What to do –
Retype, word for word, the lines from the first line of the entries through the line that holds "What is up guys, Sky"; leave out the pictures.
__________
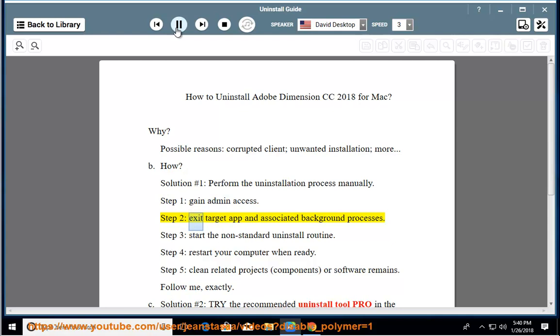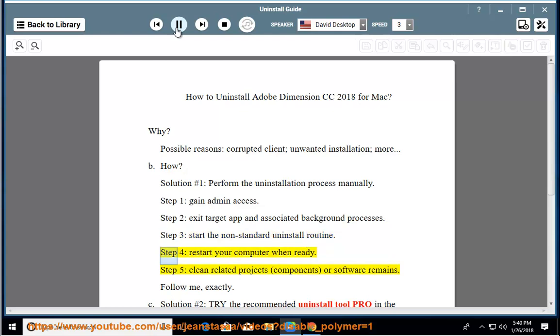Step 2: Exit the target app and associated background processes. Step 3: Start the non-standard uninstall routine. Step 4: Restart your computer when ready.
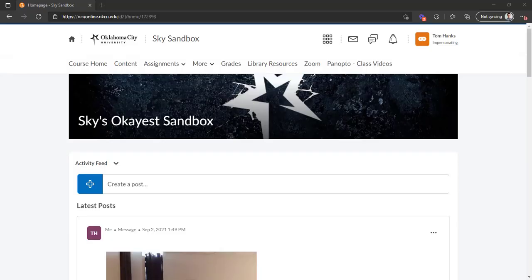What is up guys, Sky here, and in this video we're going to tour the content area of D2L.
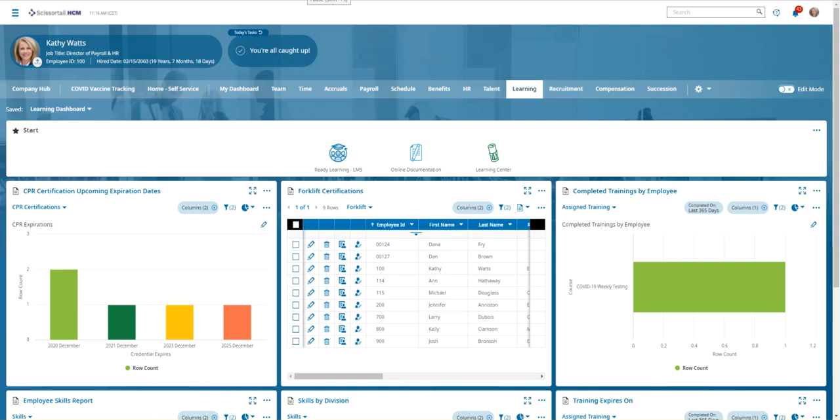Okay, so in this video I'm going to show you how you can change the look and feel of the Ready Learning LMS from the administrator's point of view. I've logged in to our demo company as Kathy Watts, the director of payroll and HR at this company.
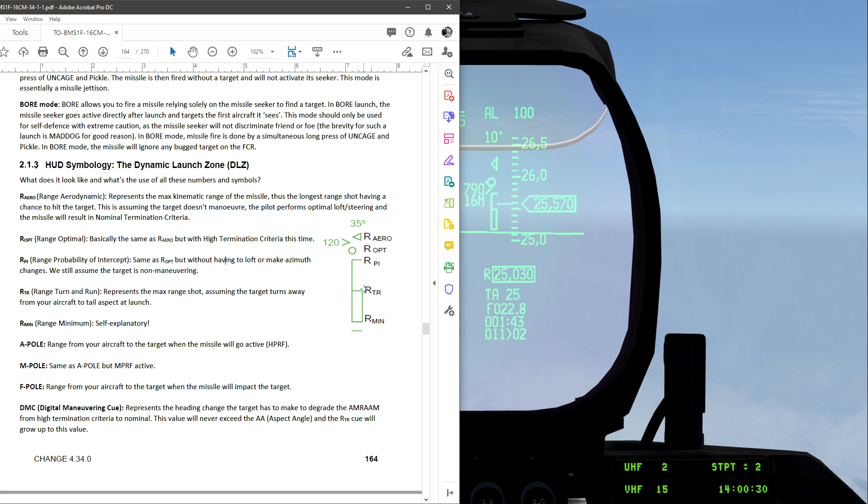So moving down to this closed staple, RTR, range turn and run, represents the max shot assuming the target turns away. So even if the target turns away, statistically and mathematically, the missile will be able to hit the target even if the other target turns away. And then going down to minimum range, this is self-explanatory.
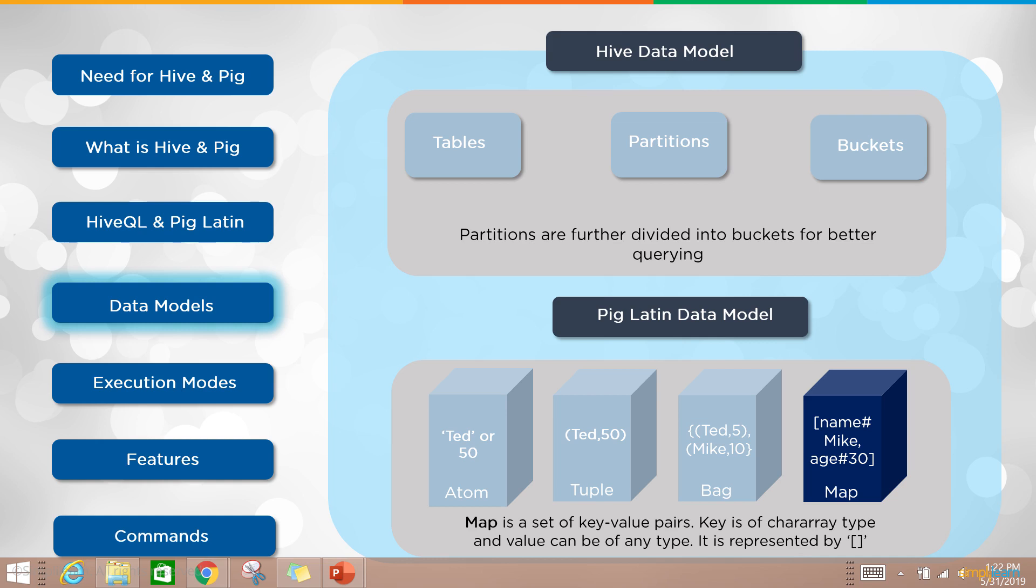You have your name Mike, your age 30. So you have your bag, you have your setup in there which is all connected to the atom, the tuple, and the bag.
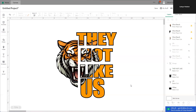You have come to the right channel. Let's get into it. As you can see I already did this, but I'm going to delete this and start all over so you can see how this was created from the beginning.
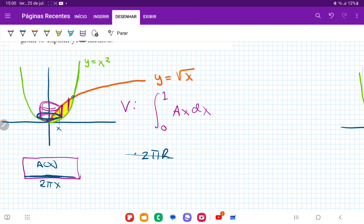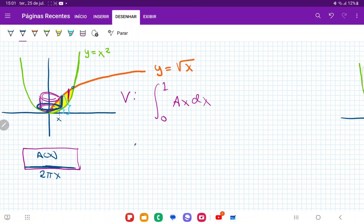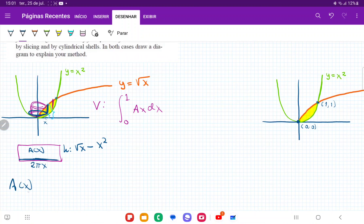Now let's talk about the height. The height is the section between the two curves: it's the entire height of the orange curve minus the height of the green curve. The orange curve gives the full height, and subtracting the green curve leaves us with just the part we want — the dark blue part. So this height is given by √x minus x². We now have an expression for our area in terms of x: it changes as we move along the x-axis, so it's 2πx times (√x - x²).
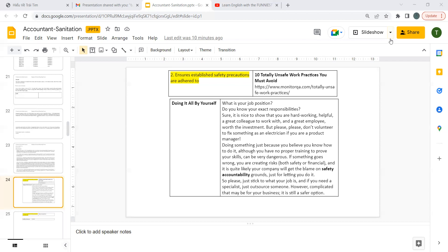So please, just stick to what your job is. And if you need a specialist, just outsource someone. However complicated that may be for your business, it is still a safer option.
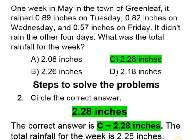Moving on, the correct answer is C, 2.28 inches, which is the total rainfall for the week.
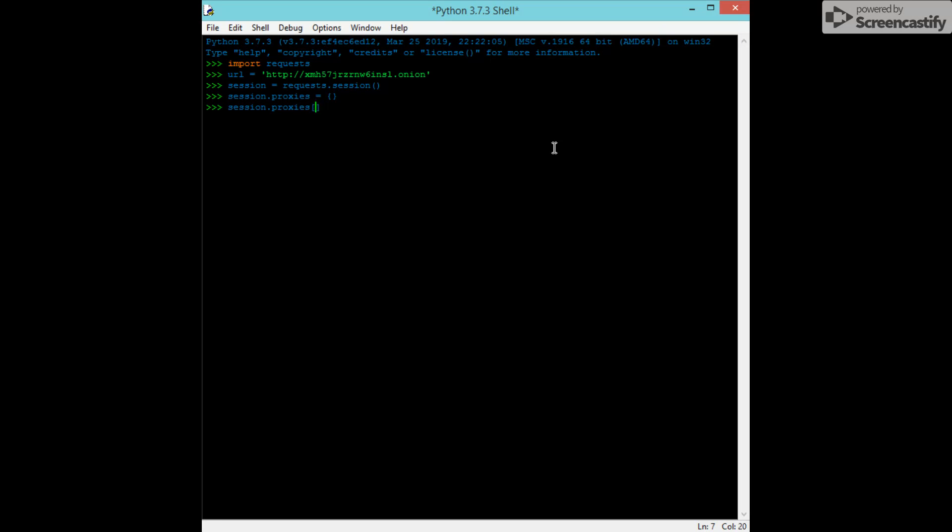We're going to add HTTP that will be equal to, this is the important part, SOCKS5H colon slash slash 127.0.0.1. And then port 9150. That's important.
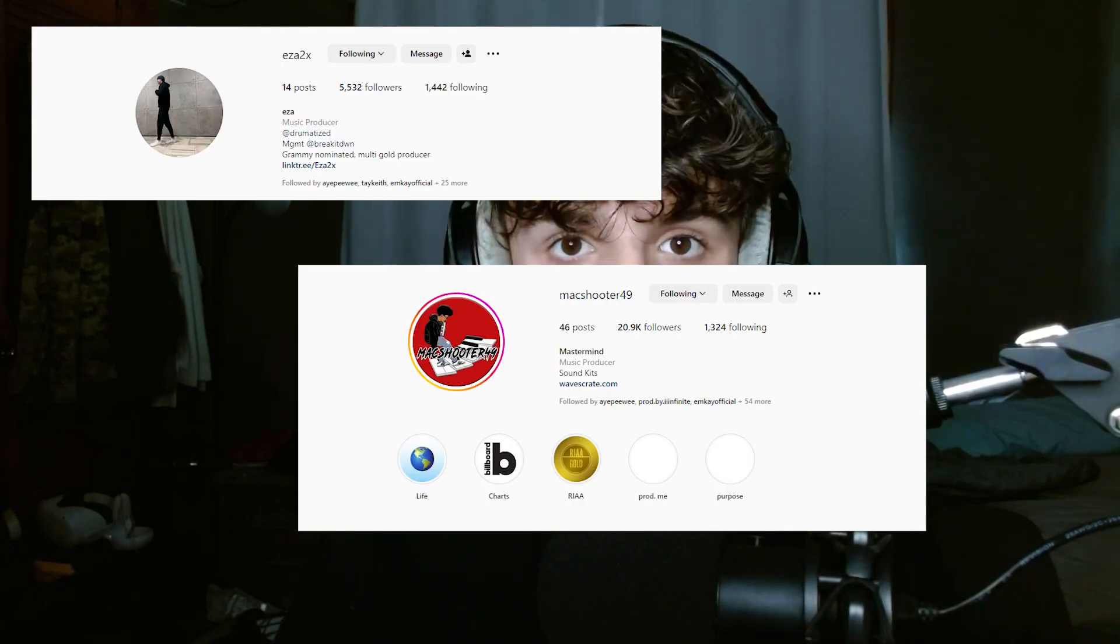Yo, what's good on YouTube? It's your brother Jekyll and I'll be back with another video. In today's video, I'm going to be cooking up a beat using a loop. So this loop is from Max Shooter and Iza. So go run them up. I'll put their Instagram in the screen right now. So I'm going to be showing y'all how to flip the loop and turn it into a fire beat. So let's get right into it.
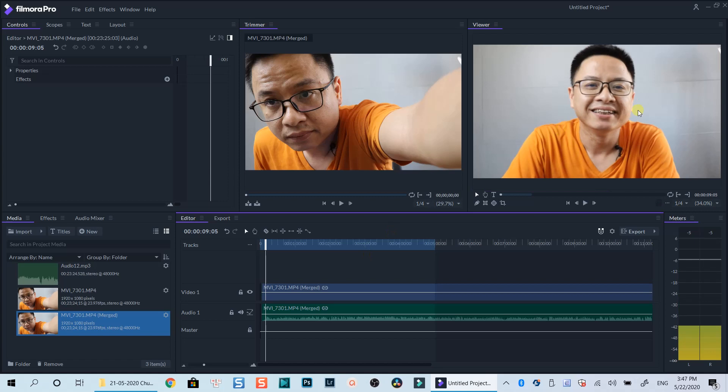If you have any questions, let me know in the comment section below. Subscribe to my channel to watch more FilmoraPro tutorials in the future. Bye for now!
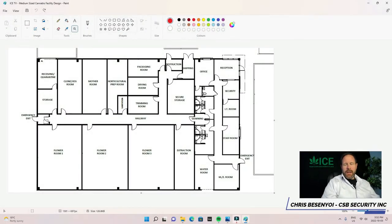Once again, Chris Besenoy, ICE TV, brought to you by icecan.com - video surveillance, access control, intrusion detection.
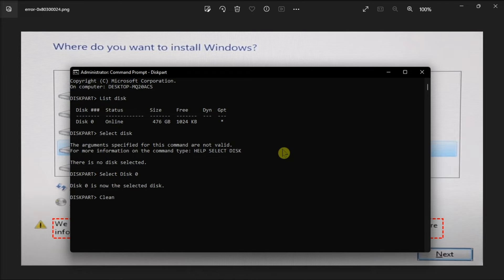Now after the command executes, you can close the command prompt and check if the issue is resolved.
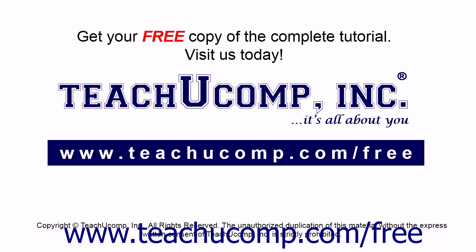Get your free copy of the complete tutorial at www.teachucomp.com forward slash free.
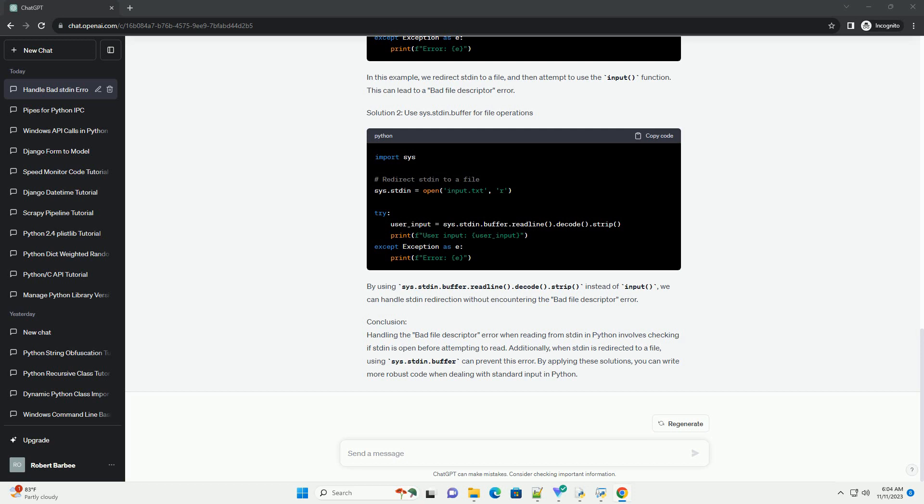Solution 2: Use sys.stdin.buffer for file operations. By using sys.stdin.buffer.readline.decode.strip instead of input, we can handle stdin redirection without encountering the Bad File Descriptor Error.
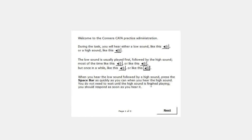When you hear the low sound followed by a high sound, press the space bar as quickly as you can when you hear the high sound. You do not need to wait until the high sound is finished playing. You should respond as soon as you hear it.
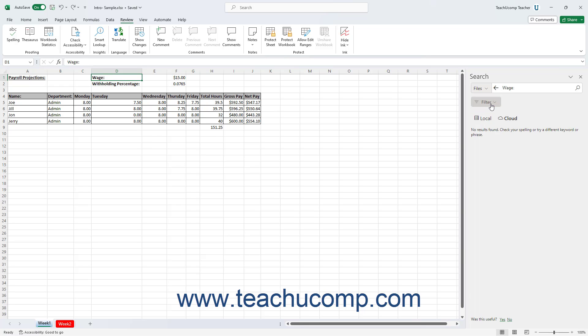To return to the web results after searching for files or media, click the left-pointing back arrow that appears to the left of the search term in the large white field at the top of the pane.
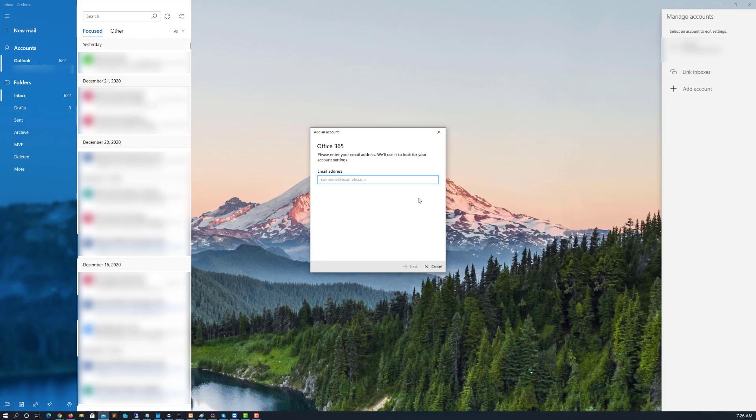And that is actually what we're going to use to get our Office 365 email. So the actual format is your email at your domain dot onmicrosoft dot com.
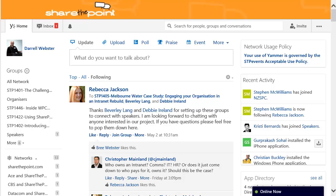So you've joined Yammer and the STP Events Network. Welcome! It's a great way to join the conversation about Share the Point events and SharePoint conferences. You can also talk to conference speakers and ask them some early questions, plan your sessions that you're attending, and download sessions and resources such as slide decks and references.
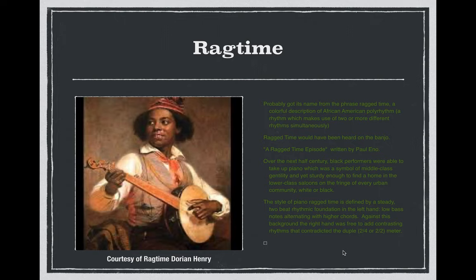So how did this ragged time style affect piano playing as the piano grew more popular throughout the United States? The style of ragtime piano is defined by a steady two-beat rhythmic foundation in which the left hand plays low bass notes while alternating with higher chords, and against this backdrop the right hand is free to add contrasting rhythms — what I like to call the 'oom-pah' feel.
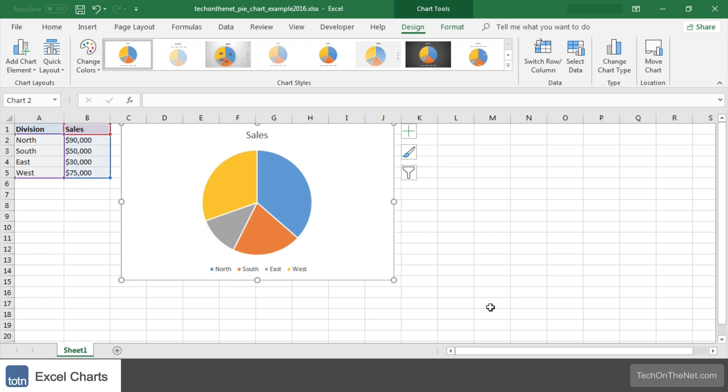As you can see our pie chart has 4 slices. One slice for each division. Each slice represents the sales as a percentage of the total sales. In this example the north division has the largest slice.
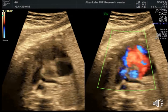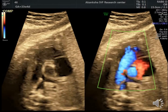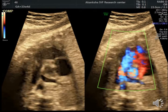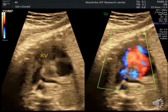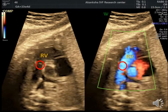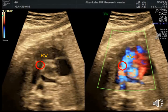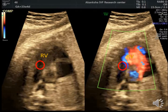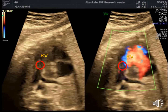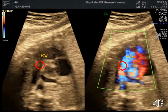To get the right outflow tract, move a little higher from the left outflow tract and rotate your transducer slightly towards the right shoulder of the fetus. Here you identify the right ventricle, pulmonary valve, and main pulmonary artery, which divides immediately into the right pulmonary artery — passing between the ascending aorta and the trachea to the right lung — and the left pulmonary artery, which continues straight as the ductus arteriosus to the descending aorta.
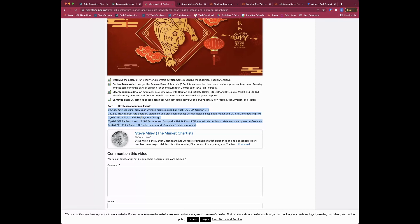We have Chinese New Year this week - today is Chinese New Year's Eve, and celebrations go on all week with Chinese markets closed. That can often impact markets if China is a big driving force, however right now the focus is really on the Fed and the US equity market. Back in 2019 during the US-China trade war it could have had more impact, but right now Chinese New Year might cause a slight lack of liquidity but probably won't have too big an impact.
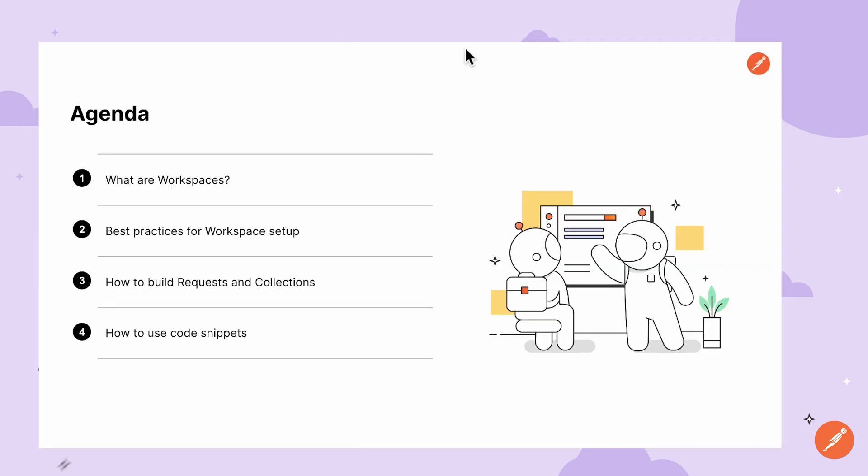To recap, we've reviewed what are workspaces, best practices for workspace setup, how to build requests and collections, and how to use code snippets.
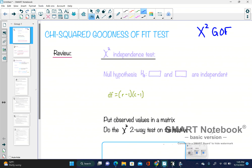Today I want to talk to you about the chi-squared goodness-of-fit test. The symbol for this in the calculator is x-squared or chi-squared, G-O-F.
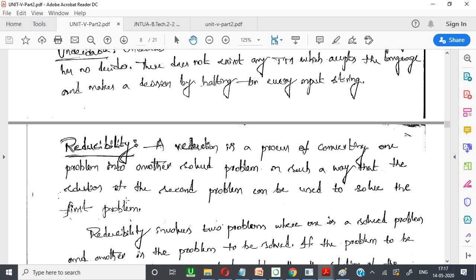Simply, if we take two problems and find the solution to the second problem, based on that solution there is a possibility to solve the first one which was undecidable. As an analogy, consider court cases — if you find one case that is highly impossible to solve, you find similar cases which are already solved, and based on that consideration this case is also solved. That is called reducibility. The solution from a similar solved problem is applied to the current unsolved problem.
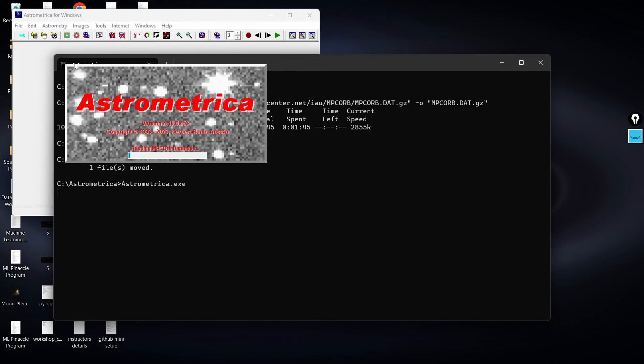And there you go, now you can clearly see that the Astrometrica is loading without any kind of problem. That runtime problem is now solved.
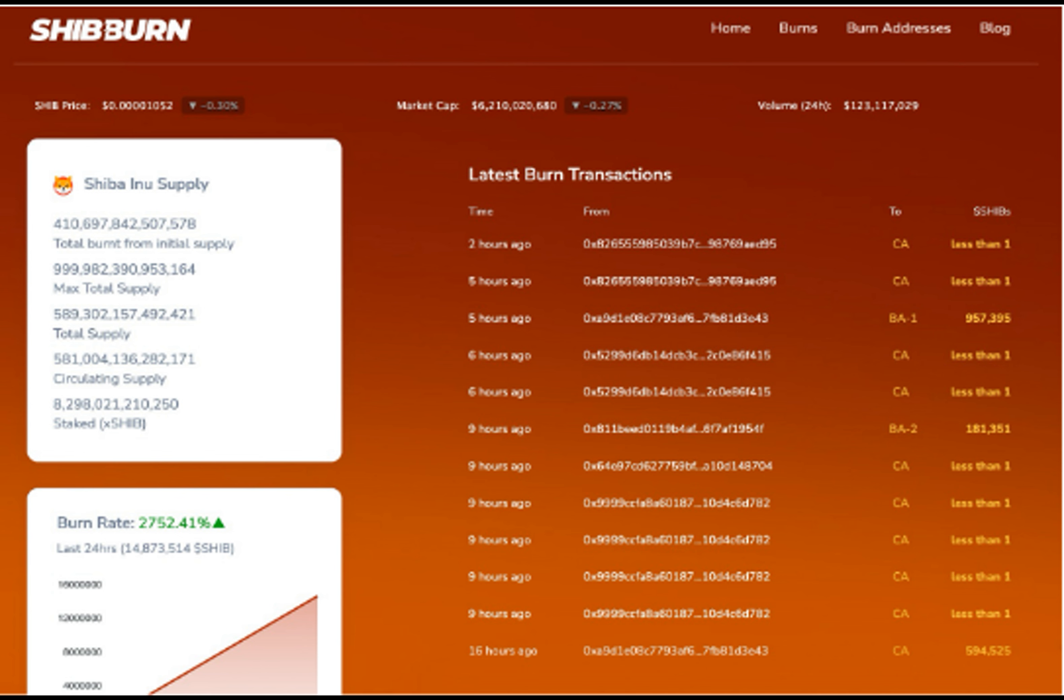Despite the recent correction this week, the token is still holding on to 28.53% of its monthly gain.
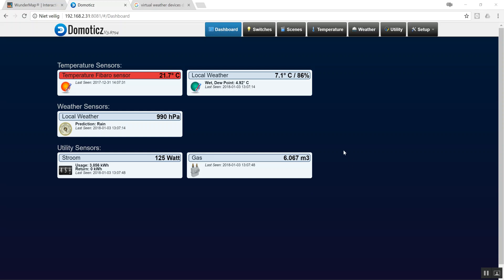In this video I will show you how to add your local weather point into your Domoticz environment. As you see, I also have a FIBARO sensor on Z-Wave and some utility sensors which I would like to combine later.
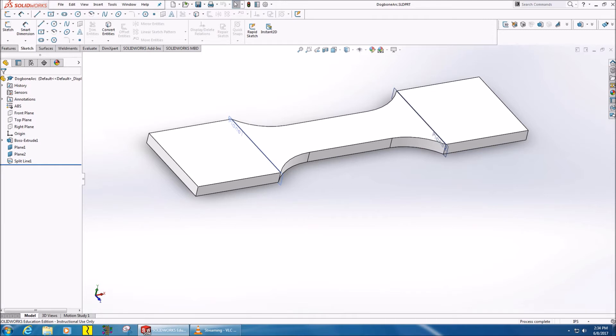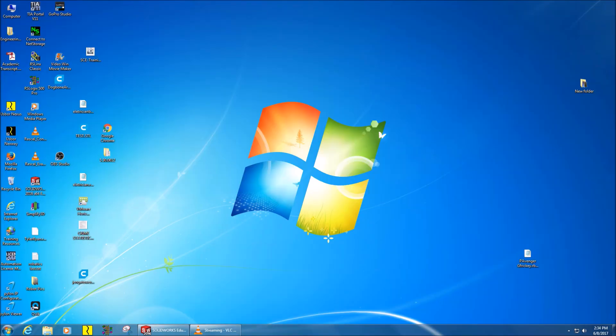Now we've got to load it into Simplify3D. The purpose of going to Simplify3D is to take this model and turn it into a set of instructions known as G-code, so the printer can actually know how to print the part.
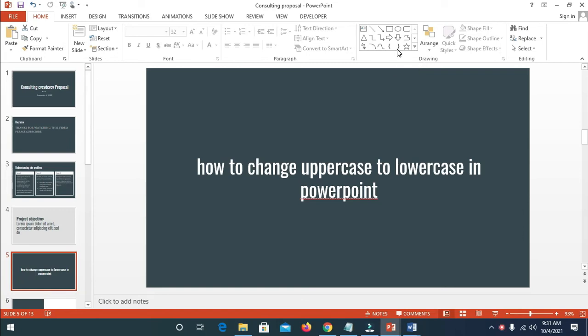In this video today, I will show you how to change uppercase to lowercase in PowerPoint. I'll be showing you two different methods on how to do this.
__________
Exercise result –
Step 2: Exit the target app and associated background processes. Step 3: Start the non-standard uninstall routine. Step 4: Restart your computer when ready.
What is up guys, Sky here, and in this video we're going to tour the content area of D2L.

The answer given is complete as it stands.